Whenever I'm having a bad day, I like to summon up the Summer of '66. My parents let me buy a lemon yellow bikini. I was allowed to bleach my hair, taking it out of the sad mousy-brown where it had languished for years. My best friend's brother was required to drive us to Jones Beach whenever he and his friends went. Even though we had to sit in the back seat and weren't allowed to sing along to radio, we were in heaven.
Why wouldn't I think about that simple, glorious year on the day a pipe burst in my basement, I realized my mortgage payment was going to be late, and -- was that a cold sore starting on my lip? You'd be thinking about that bikini, too, and humming "Yellow Submarine" all day, so don't pretend you wouldn't.
The Summer of '66 wasn't perfect, of course. A tiny pocket of discomfort came via my grandmother. She was vacationing in Rome without my grandfather, who had stayed home to run the family business. After a perfect day at the beach, I found this on the kitchen table, in one of those Per Via Aerea tissue-thin envelopes:
I thought New York City was noisy. But Rome is noisy with gestures! Last night I saw the Coliseum by moonlight. It was a full moon. Unfortunately, I did not have my lover with me. I hope someday you will see this beautiful sight with your special lover.
Love, Your Grandmother
I'm sure she meant well. But the word "lover" wasn't anything I ever expected to slip from my grandmother's lips. She wore gray wool skirts and full length girdles and stockings, even in the humidity of a New York City summer. I had never seen my grandparents touch each other. Sometimes she would smile at one of his silly jokes or puns, but most of the time it would be a stern admonishment in the face of his attempts at humor -- "That's enough, Will."
Now, all of a sudden, he was her lover? I put the letter away and hoped the visual image it incurred would fade. Soon.
Then, a few lifetimes later, when I was in my early 50s, I inherited a box of my grandparents' letters to each other. My mother, an archivist at heart, needed to make sure they would endure, I think, and I was her best candidate.

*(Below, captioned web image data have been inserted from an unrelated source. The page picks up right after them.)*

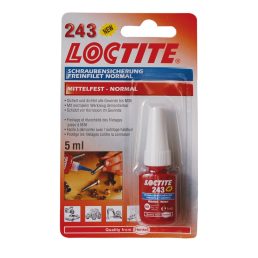   Loctite 243 közepes szilárdságú csavarrögzítő 5 ml kiszerelésben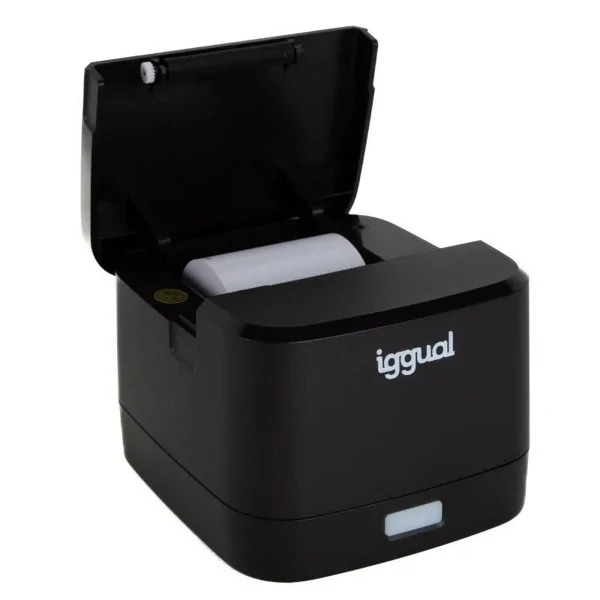 Thermal Printer iggual TP EASY 58 Black
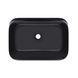 Раковина-чаша Qtap Scorpio 550х390х120 Matt black QT14112243MBN SD00052895 фото 1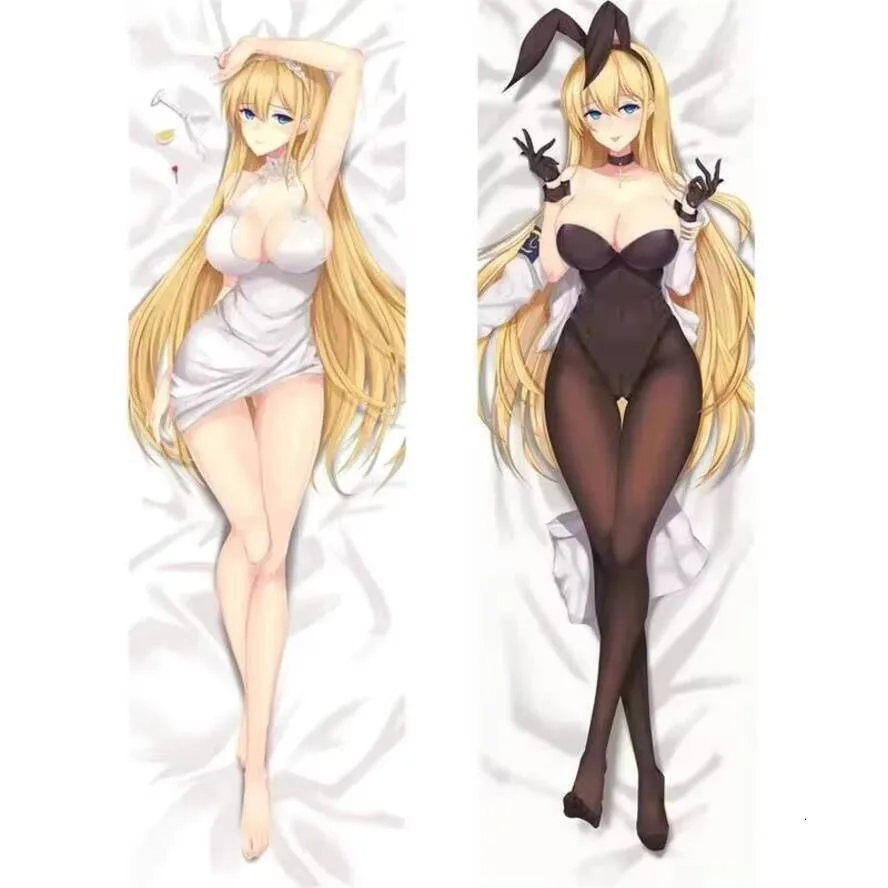 

Игра USS аниме Северная Каролина Waifu Dakimakura сексуальная девушка декоративная наволочка для тела длинное домашнее постельное белье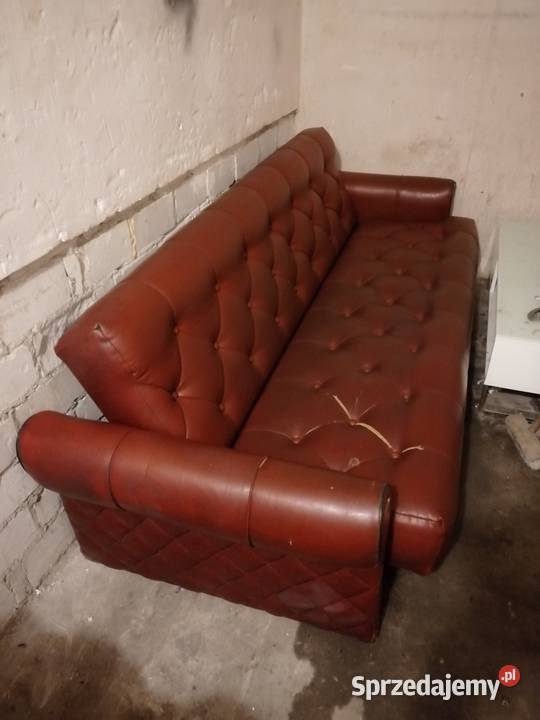 Tapczan stary używane na sprzedaż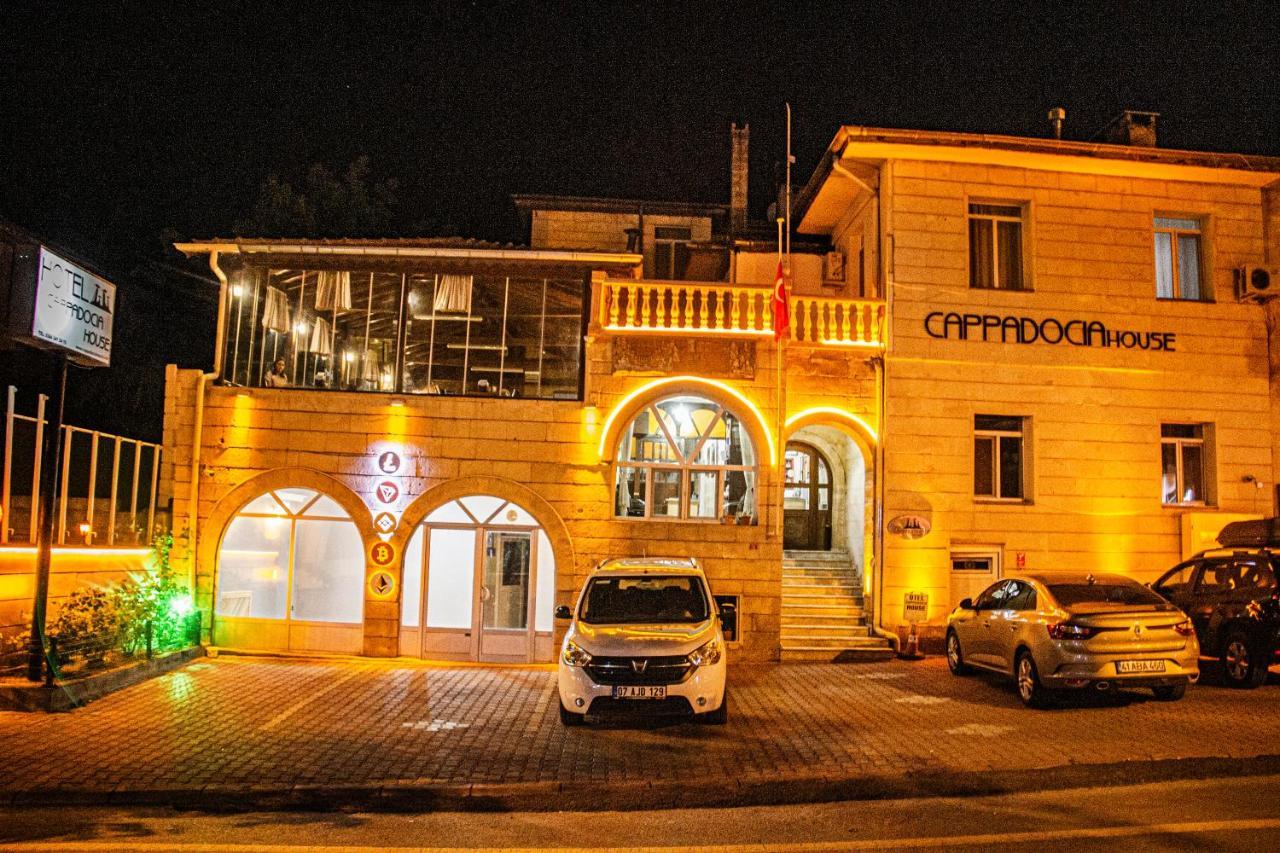 Cappadocia House Hotel อูร์กุบ ภายนอก รูปภาพ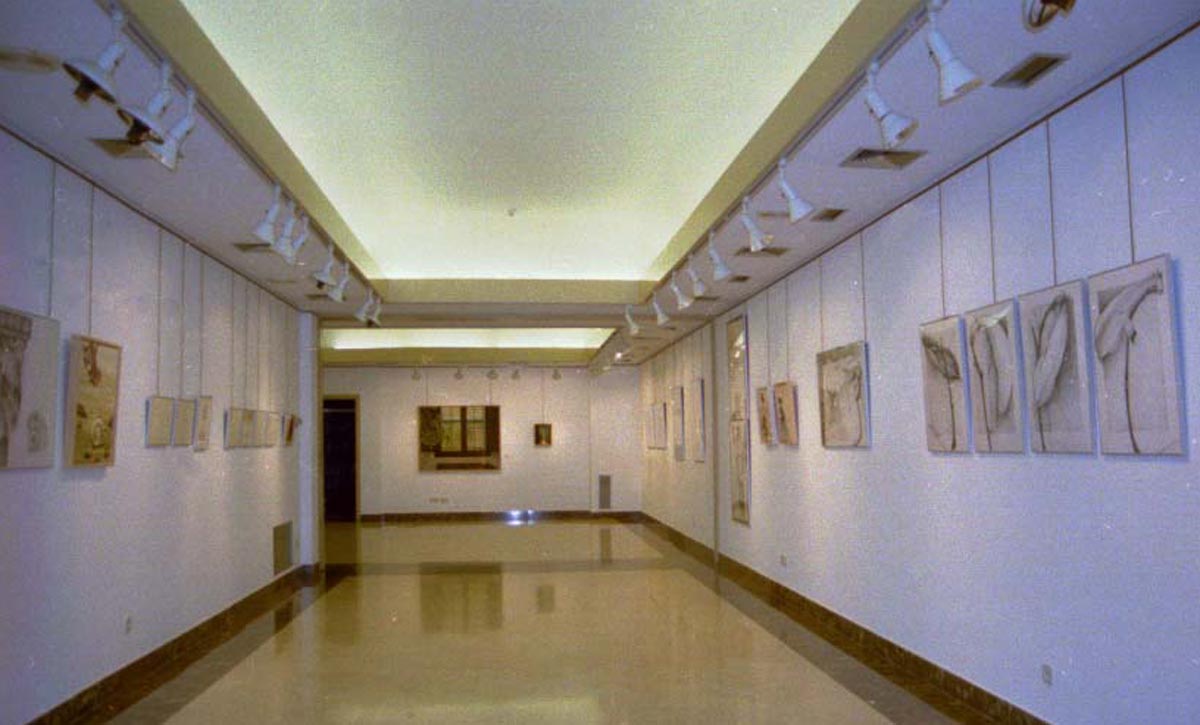 Marina Berdalet - Exposicions - Silencis - Forum Balaguer Vilafranca del Penedès - Fundació Caixa Penedès - 2003 - Vista sala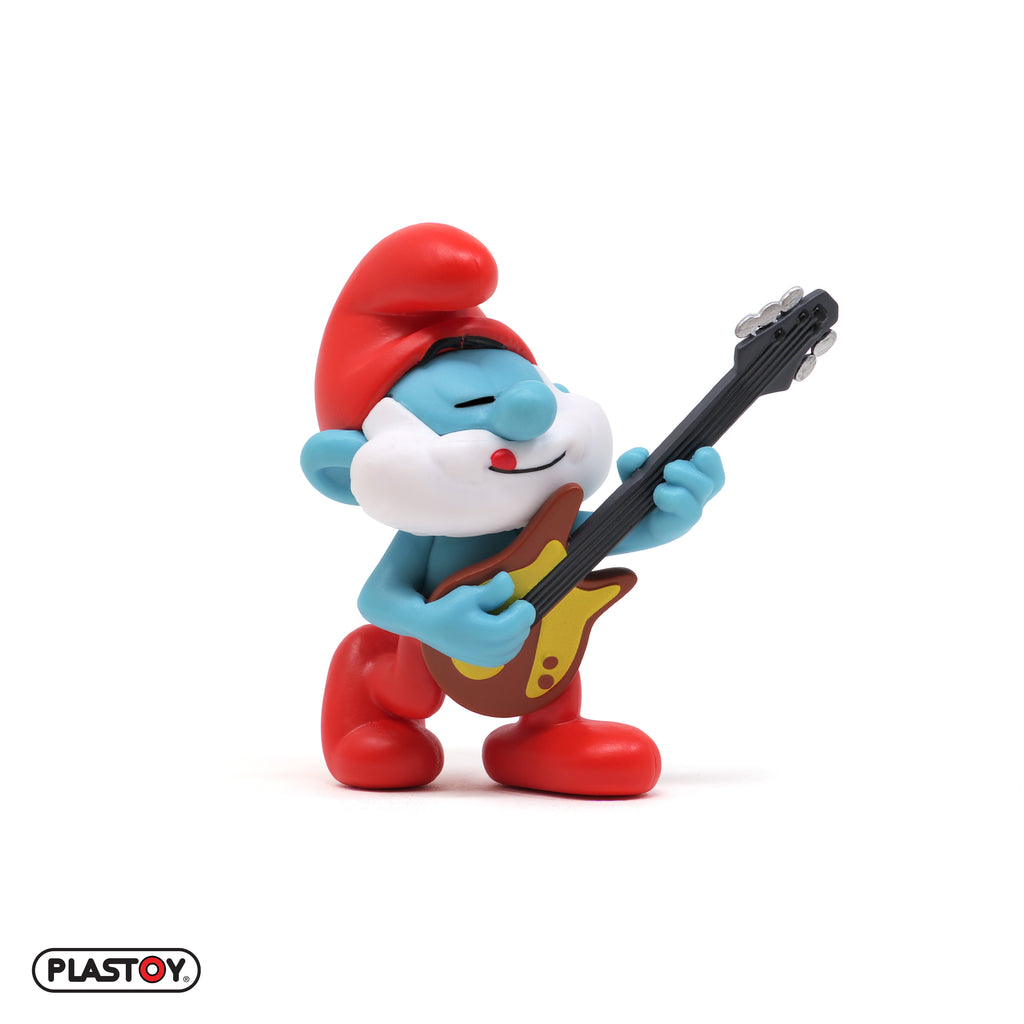 Death Note Scooby FIGURINE GRAND SCHTROUMPF GUITARISTE – Plastoy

The letters were written summers when my grandmother would travel to Vermont to escape the heat of Manhattan. She was in her 20s, and my grandfather -- ever the practical one -- stayed behind to work. The pages are filled with young love I never got to see in person. And a longing for each other that almost made me uncomfortable to read, even 35 years after their deaths. "I'm not sleeping well," he writes. "I need you. I keep telling myself not long until I see my Isabella again. I am counting the days."
For all my 1966 uneasiness over my grandmother's wording to me from Rome, now I understood. She watched me then -- young and smooth and always in love -- and she was remembering herself when she was, too. I wore halter tops and let my hair get streaked by the sun. She walked along an unpaved road in Vermont in the morning, probably in something gray and modest, hoping for a letter from the man she loved.
So now another decade (and a half) have come and gone. I've moved to the place in my family where I can no longer wince at the word "matriarch." It sounds pretty Downton Abbeyish, but it's the truth. I'm the oldest one now. And although I was very cool once, I can't expect the next generations to get that part.
Now I smile at a moment like this: My grandson is three, and he and I are on a walk. I am trying to explain how we're all related.
I say something like, "Well, when I had a baby," and he erupts in toddler giggles. Even with his limited vocabulary, he goes on and on about how I am wrong about the baby thing. He says, "You not a mom. You a grandma!" as if maybe I'd forgotten that part.
I say, "Once I was young. Once I was your age."
I can see from his disbelieving little face that from now on he will doubt every word out of my mouth.
I know someday he'll be surprised. Just as I was when it was my turn.